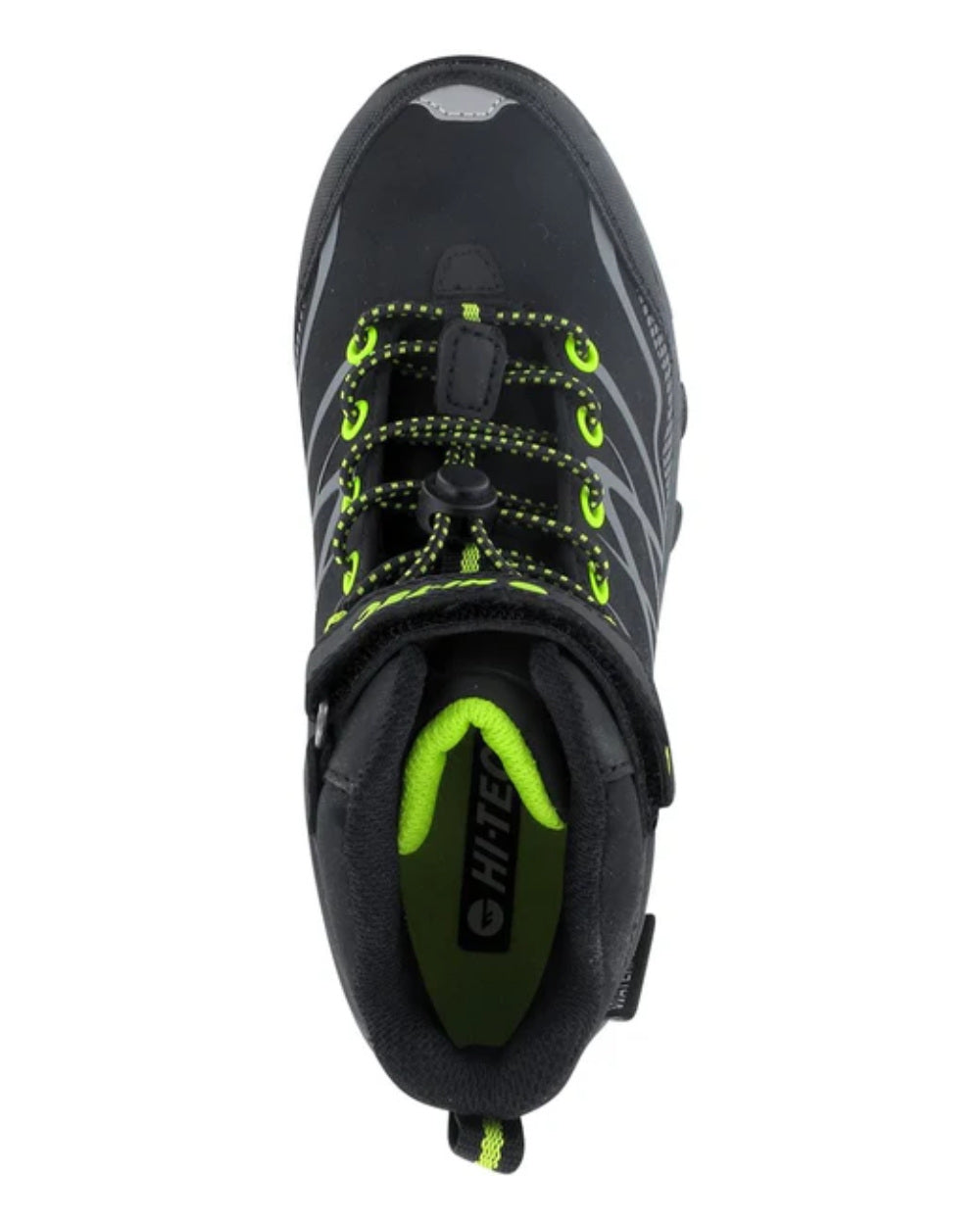 Black Lime Coloured Hi-Tec Childrens Blackout Mid Boots On A White Background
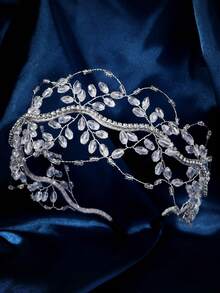 1 件女士时尚简约百搭水晶串珠发带，适合婚礼、典礼、节日等场合头带发带发箍 - 銀色 - 查看 7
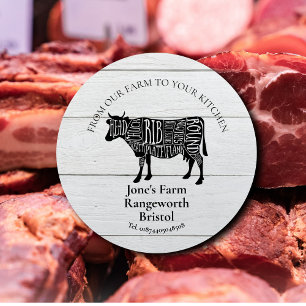 Adesivo produtor de carne de bovino marketing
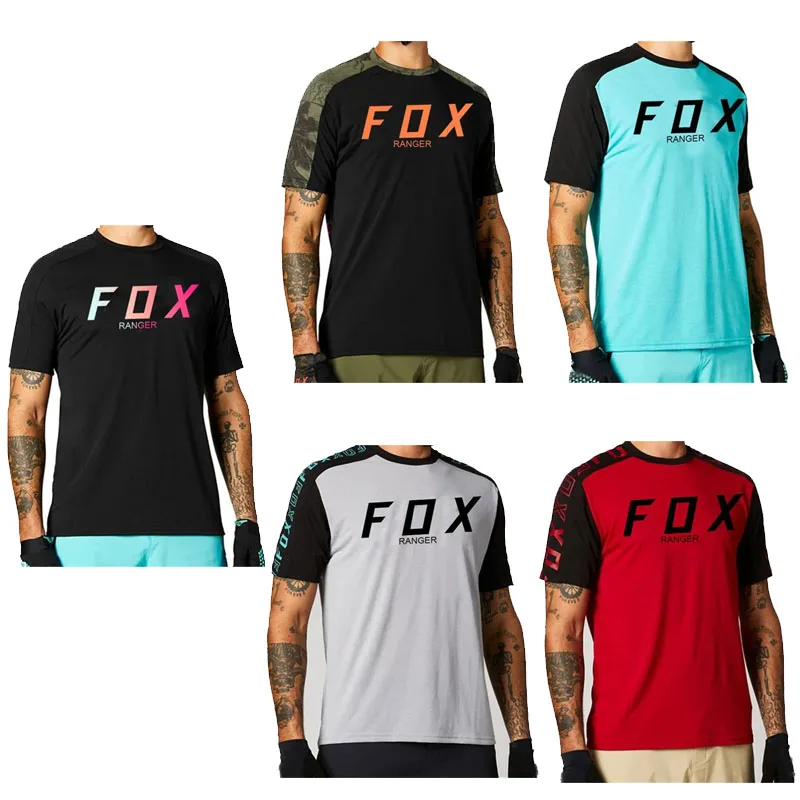 

Summer short sleeved motorcycle mountain bike team downhill jersey MTB Offroad DH MX bicycle locomotive shirt cross country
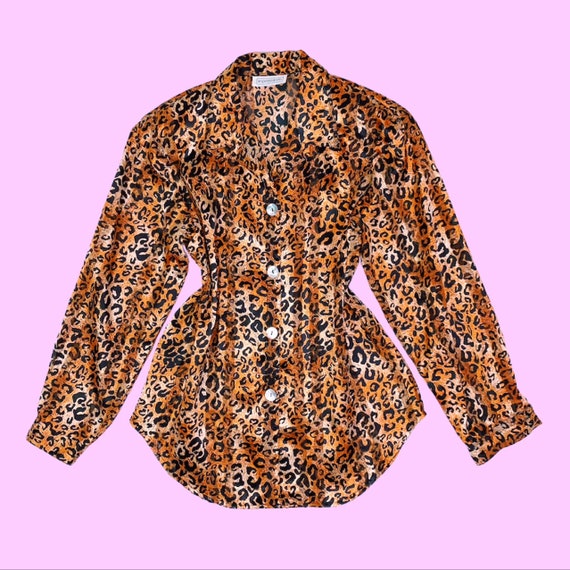 BiBi Leopard Sheer Button Up Top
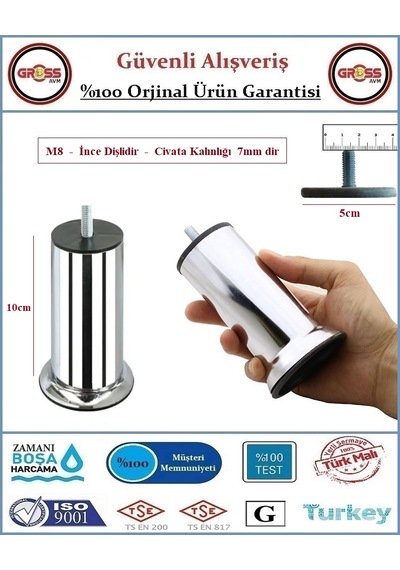 Koltuk, Yatak, Mobilya, Baza Ayağı 10cm - M8 İnce Diş - 2 Adet Krom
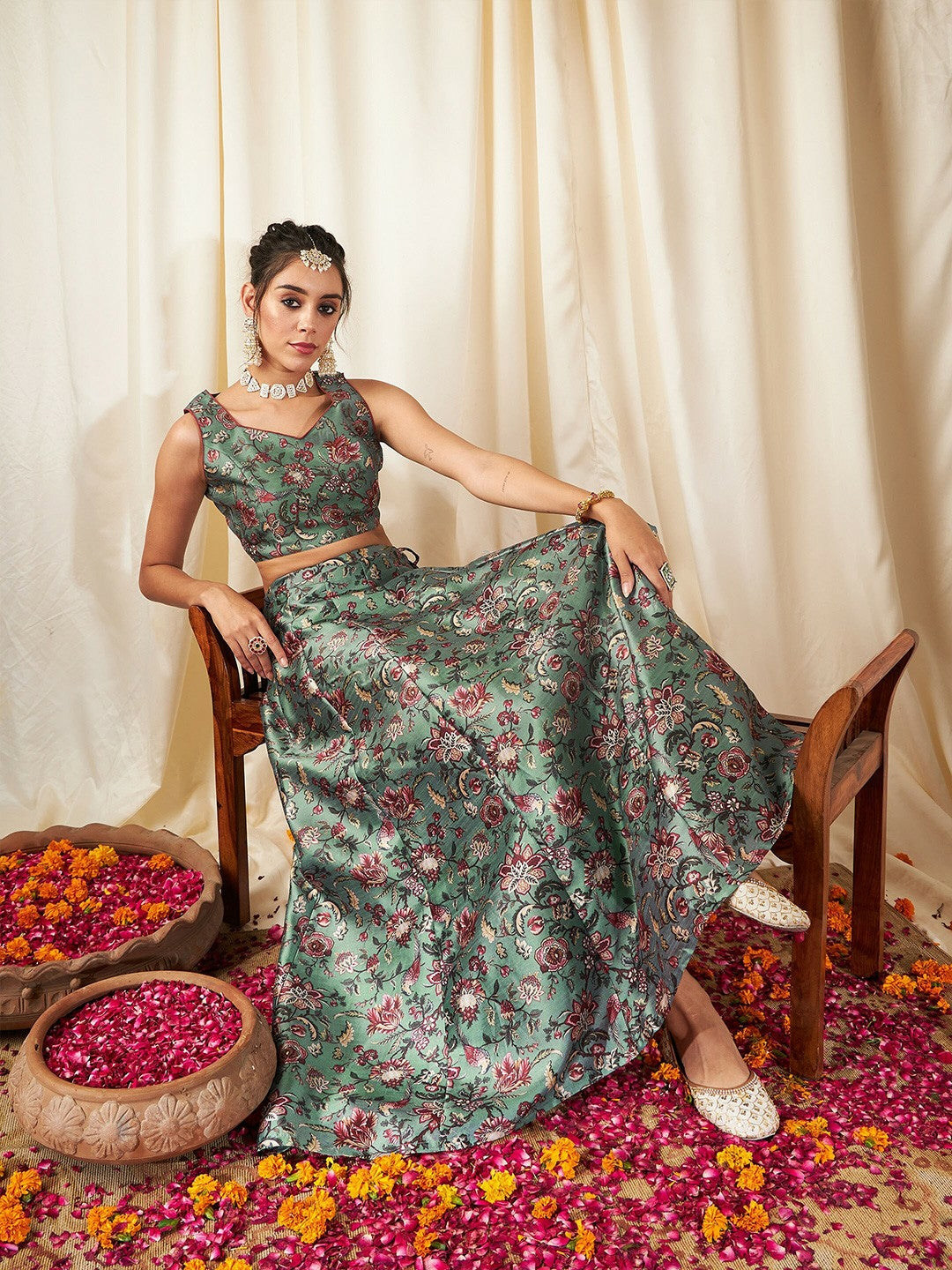 Olive Green & Pink Floral Printed Lehenga Choli – Bollywood Wedding, Bridal & Bridesmaid Wear | Handmade Indian Pakistani Outfit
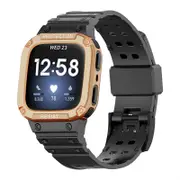 Watch Band with Protective Frame Uni-body Shockproof TPU Strap For Fitbit Versa 2/3 Versa Lite/Sense-Black Rose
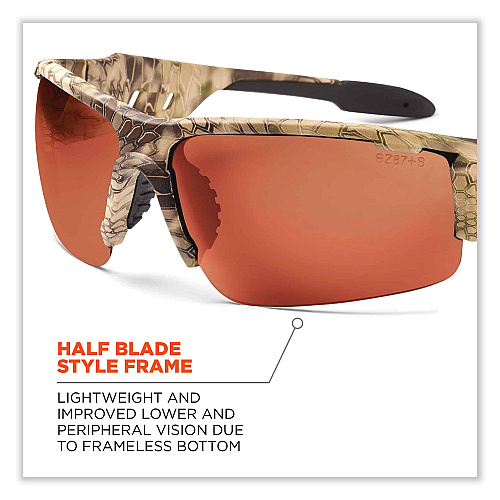 ergodyne Skullerz Dagr Safety Glasses, Kryptek Highlander Nylon Impact Frame, Copper Polycarbonate Lens (52320)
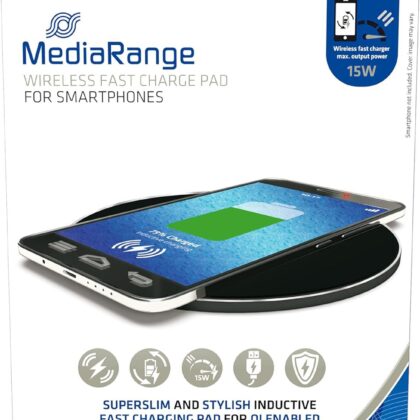 MOBILE CHARGER PAD WRL 15W/BLACK MRMA118 MEDIARANGE  MRMA118 4260664872726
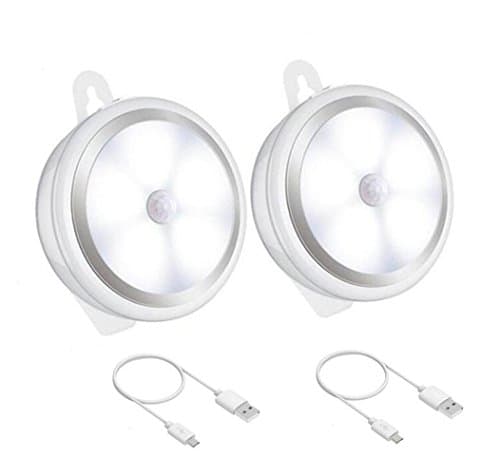 Motion Sensor Light, Carryme[2 Pack] 5 LED Long Life Cordless USB Rechargeable PIR Motion Activated LED Night Light with Free Adhesive Pads and Hanging Hoop , Wirless Kids Safe Desk Lights Wall Lamps Stick-Anywhere Indoors for Hallway, Stairs, Bedroom, Nursery, Bathroom, Kitchen,Cabinet,Closet,Wardrobe,Cupboard,Basement,Bookcase (White)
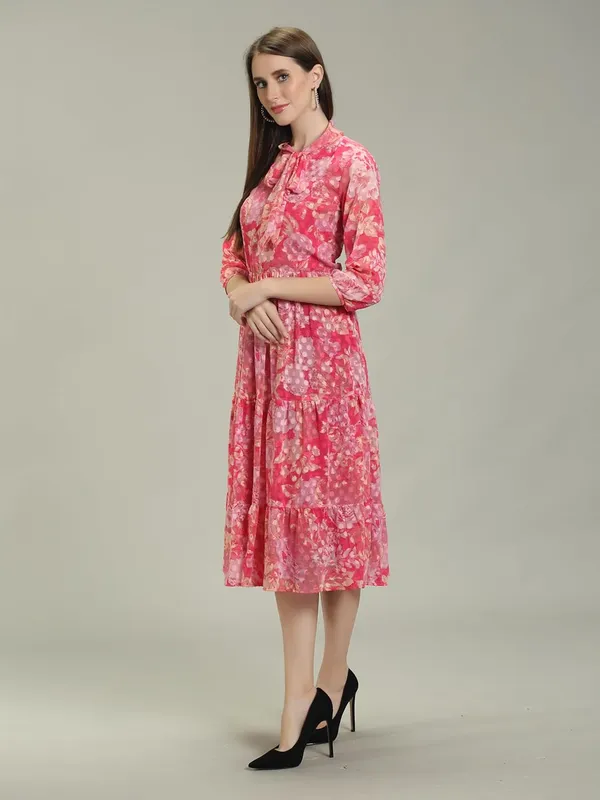 Pink_Comfortable_&_Flexible_Fit_Georgette_Short_Midi_Dress_For_Women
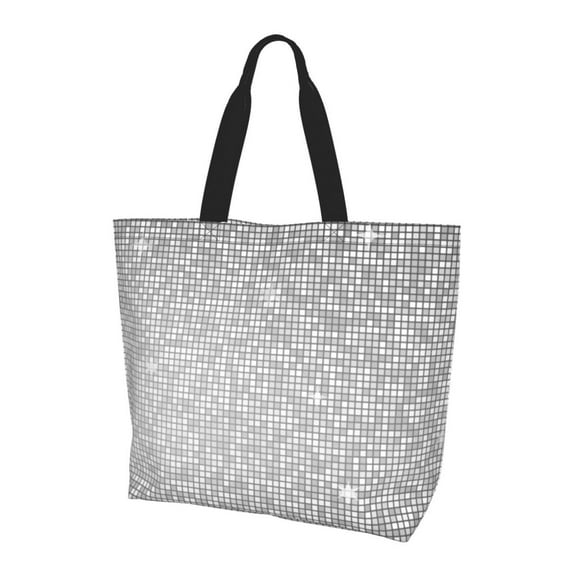 Yiaed Silver Mosaic Print Handbag for Women Tote Purse Shoulder Bag Large Fashion Hobo Purse Handbag Shopping Tote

▶ **WHAT THIS TASK INVOLVES**
Each line from the one with "Adesivo produtor de" to the final line of the data above is to be printed exactly; no picture should appear in the copy.

▶ **WRITTEN SOLUTION**
 Adesivo produtor de carne de bovino marketing

Summer short sleeved motorcycle mountain bike team downhill jersey MTB Offroad DH MX bicycle locomotive shirt cross country
 BiBi Leopard Sheer Button Up Top
 Koltuk, Yatak, Mobilya, Baza Ayağı 10cm - M8 İnce Diş - 2 Adet Krom
 Olive Green & Pink Floral Printed Lehenga Choli – Bollywood Wedding, Bridal & Bridesmaid Wear | Handmade Indian Pakistani Outfit
 Watch Band with Protective Frame Uni-body Shockproof TPU Strap For Fitbit Versa 2/3 Versa Lite/Sense-Black Rose
 ergodyne Skullerz Dagr Safety Glasses, Kryptek Highlander Nylon Impact Frame, Copper Polycarbonate Lens (52320)
 MOBILE CHARGER PAD WRL 15W/BLACK MRMA118 MEDIARANGE  MRMA118 4260664872726
 Motion Sensor Light, Carryme[2 Pack] 5 LED Long Life Cordless USB Rechargeable PIR Motion Activated LED Night Light with Free Adhesive Pads and Hanging Hoop , Wirless Kids Safe Desk Lights Wall Lamps Stick-Anywhere Indoors for Hallway, Stairs, Bedroom, Nursery, Bathroom, Kitchen,Cabinet,Closet,Wardrobe,Cupboard,Basement,Bookcase (White)
 Pink_Comfortable_&_Flexible_Fit_Georgette_Short_Midi_Dress_For_Women
 Yiaed Silver Mosaic Print Handbag for Women Tote Purse Shoulder Bag Large Fashion Hobo Purse Handbag Shopping Tote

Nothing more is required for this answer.